2019 LTi Printing 250
- Date: June 8, 2019
- Location: Michigan International Speedway in Brooklyn, Michigan
- Course: Permanent racing facility
- Course length: 2.0 miles (3.219 km)
- Distance: 125 laps, 250 mi (402.336 km)

Pole position
- Driver: Paul Menard; / Team Penske
- Time: 37.237

Most laps led
- Driver: Paul Menard / Team Penske
- Laps: 56

Winner
- No. 2: Tyler Reddick / Richard Childress Racing

Television in the United States
- Network: FS1

Radio in the United States
- Radio: MRN

= 2019 LTi Printing 250 =

The 2019 LTi Printing 250 was a NASCAR Xfinity Series race held on June 8, 2019, at Michigan International Speedway in Brooklyn, Michigan. Contested over 125 laps on the 2 mi D-shaped oval, it was the 13th race of the 2019 NASCAR Xfinity Series season.

Defending series champion Tyler Reddick (Richard Childress Racing) took his third victory in five races, taking the lead from Cole Custer (Stewart–Haas Racing with Biagi–DenBeste Racing) with eleven laps remaining and pulled clear of JR Motorsports teammates Noah Gragson and Michael Annett, while Custer faded to twelfth place.

==Background==

===Track===
Michigan International Speedway is a moderate-banked D-shaped speedway located in Brooklyn, Michigan.
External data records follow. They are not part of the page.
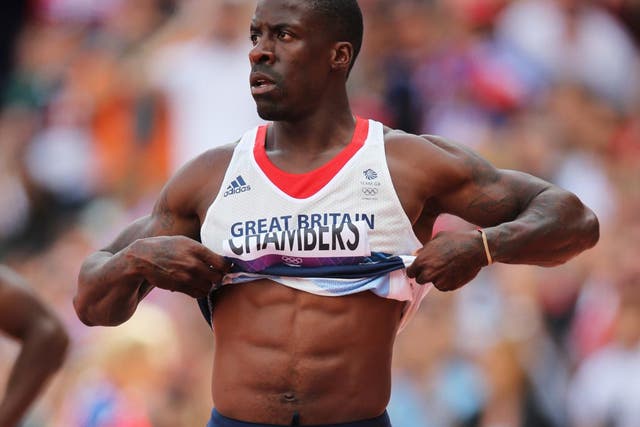 August 4, 2012: Dwain Chambers after competing in the 100 metres at the Olympic Stadium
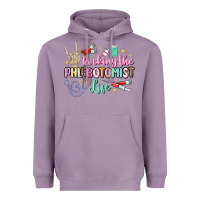 Lavender rocking the phlebotomist life Heavyweight Hoodie - MaliasSmallBusiness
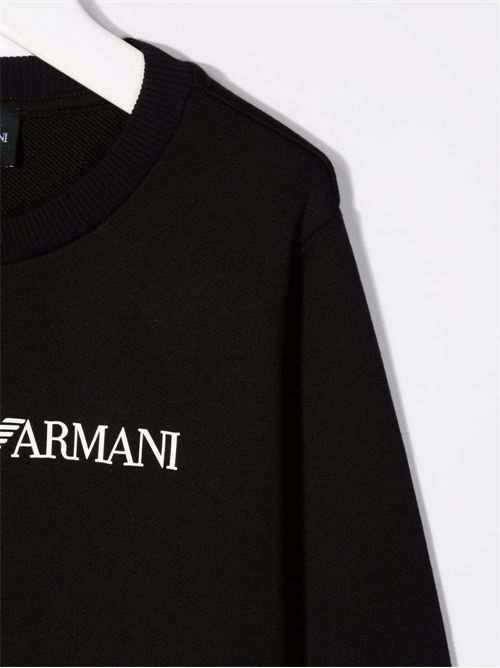 Felpa bambino nera EMPORIO ARMANI KIDS | 8N4MR61JRIZF009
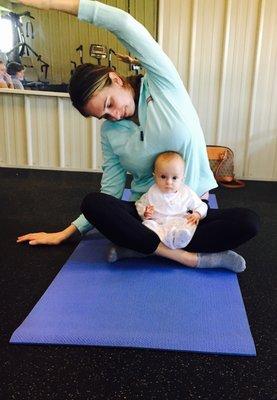 Babies welcomed at yoga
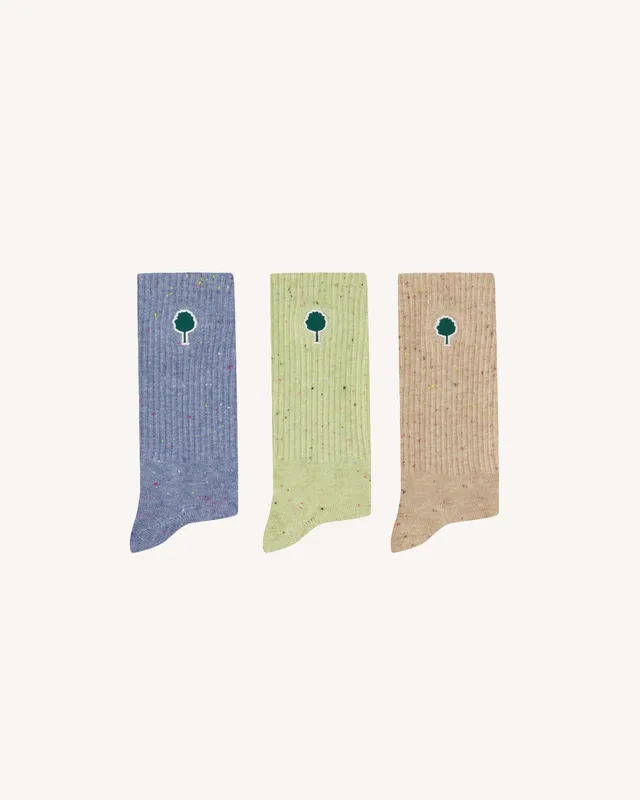 faguo-lot-3-paires-chaussettes-sport-bleu-cru-bouclette image 1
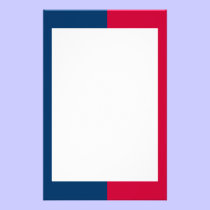 Navy and Cardinal Stationery stationery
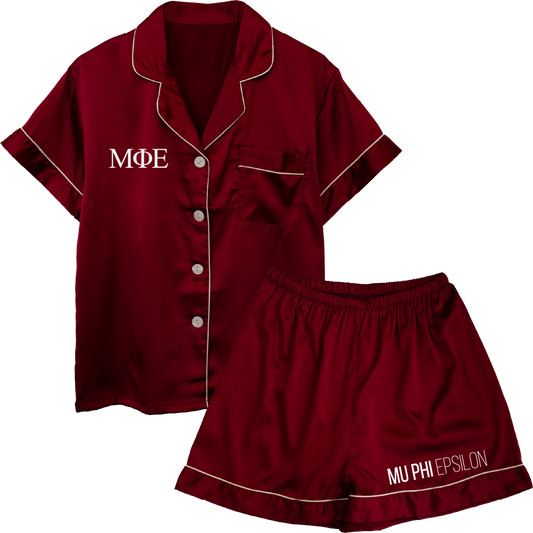 Mu Phi Epsilon Embroidered Ladies' Pajama Sets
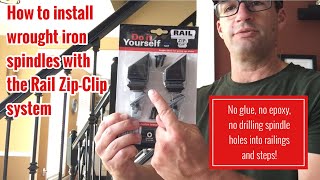 Dad Installs Wrought Iron Spindles Using the Rail ZipClip System [upl. by Ydualc]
The track is used primarily for NASCAR events. It is sometimes known as a "sister track" to Texas World Speedway, and was used as the basis of Auto Club Speedway. The track is owned by International Speedway Corporation. Michigan International Speedway is recognized as one of motorsports' premier facilities because of its wide racing surface and high banking (by open-wheel standards; the 18-degree banking is modest by stock car standards).

==Entry list==

| No. | Driver | Team | Manufacturer |
|---|---|---|---|
| 00 | Cole Custer | Stewart-Haas Racing with Biagi-DenBeste Racing | Ford |
| 0 | Garrett Smithley | JD Motorsports | Chevrolet |
| 01 | Stephen Leicht | JD Motorsports | Chevrolet |
| 1 | Michael Annett | JR Motorsports | Chevrolet |
| 2 | Tyler Reddick | Richard Childress Racing | Chevrolet |
| 4 | Ross Chastain (i) | JD Motorsports | Chevrolet |
| 5 | Matt Mills (R) | B. J. McLeod Motorsports | Chevrolet |
| 07 | Ray Black Jr. | SS-Green Light Racing | Chevrolet |
| 7 | Justin Allgaier | JR Motorsports | Chevrolet |
| 08 | Gray Gaulding (R) | SS-Green Light Racing | Chevrolet |
| 8 | Jeb Burton | JR Motorsports | Chevrolet |
| 9 | Noah Gragson (R) | JR Motorsports | Chevrolet |
| 11 | Justin Haley (R) | Kaulig Racing | Chevrolet |
| 12 | Paul Menard (i) | Team Penske | Ford |
| 13 | Timmy Hill | MBM Motorsports | Toyota |
| 15 | B. J. McLeod | JD Motorsports | Chevrolet |
| 17 | Bayley Currey (i) | Rick Ware Racing | Chevrolet |
| 18 | Riley Herbst | Joe Gibbs Racing | Toyota |
| 19 | Brandon Jones | Joe Gibbs Racing | Toyota |
| 20 | Christopher Bell | Joe Gibbs Racing | Toyota |
| 21 | Joe Graf Jr. | Richard Childress Racing | Chevrolet |
| 22 | Austin Cindric | Team Penske | Ford |
| 23 | John Hunter Nemechek (R) | GMS Racing | Chevrolet |
| 35 | Joey Gase | MBM Motorsports | Toyota |
| 36 | Josh Williams | DGM Racing | Chevrolet |
| 38 | Jeff Green | RSS Racing | Chevrolet |
| 39 | Ryan Sieg | RSS Racing | Chevrolet |
| 42 | Chad Finchum | MBM Motorsports | Toyota |
| 51 | Jeremy Clements | Jeremy Clements Racing | Chevrolet |
| 52 | David Starr | Jimmy Means Racing | Chevrolet |
| 66 | Tyler Hill (i) | MBM Motorsports | Toyota |
| 74 | Kyle Weatherman | Mike Harmon Racing | Chevrolet |
| 78 | Vinnie Miller | B. J. McLeod Motorsports | Chevrolet |
| 86 | Brandon Brown | Brandonbilt Motorsports | Chevrolet |
| 89 | Landon Cassill | Shepherd Racing Ventures | Chevrolet |
| 90 | Dillon Bassett | DGM Racing | Chevrolet |
| 93 | Josh Bilicki | RSS Racing | Chevrolet |
| 98 | Chase Briscoe (R) | Stewart-Haas Racing with Biagi-DenBeste Racing | Ford |
| 99 | Tommy Joe Martins | B. J. McLeod Motorsports | Toyota |

==Practice==

===First practice===
Christopher Bell was the fastest in the first practice session with a time of 38.143 seconds and a speed of 188.763 mph.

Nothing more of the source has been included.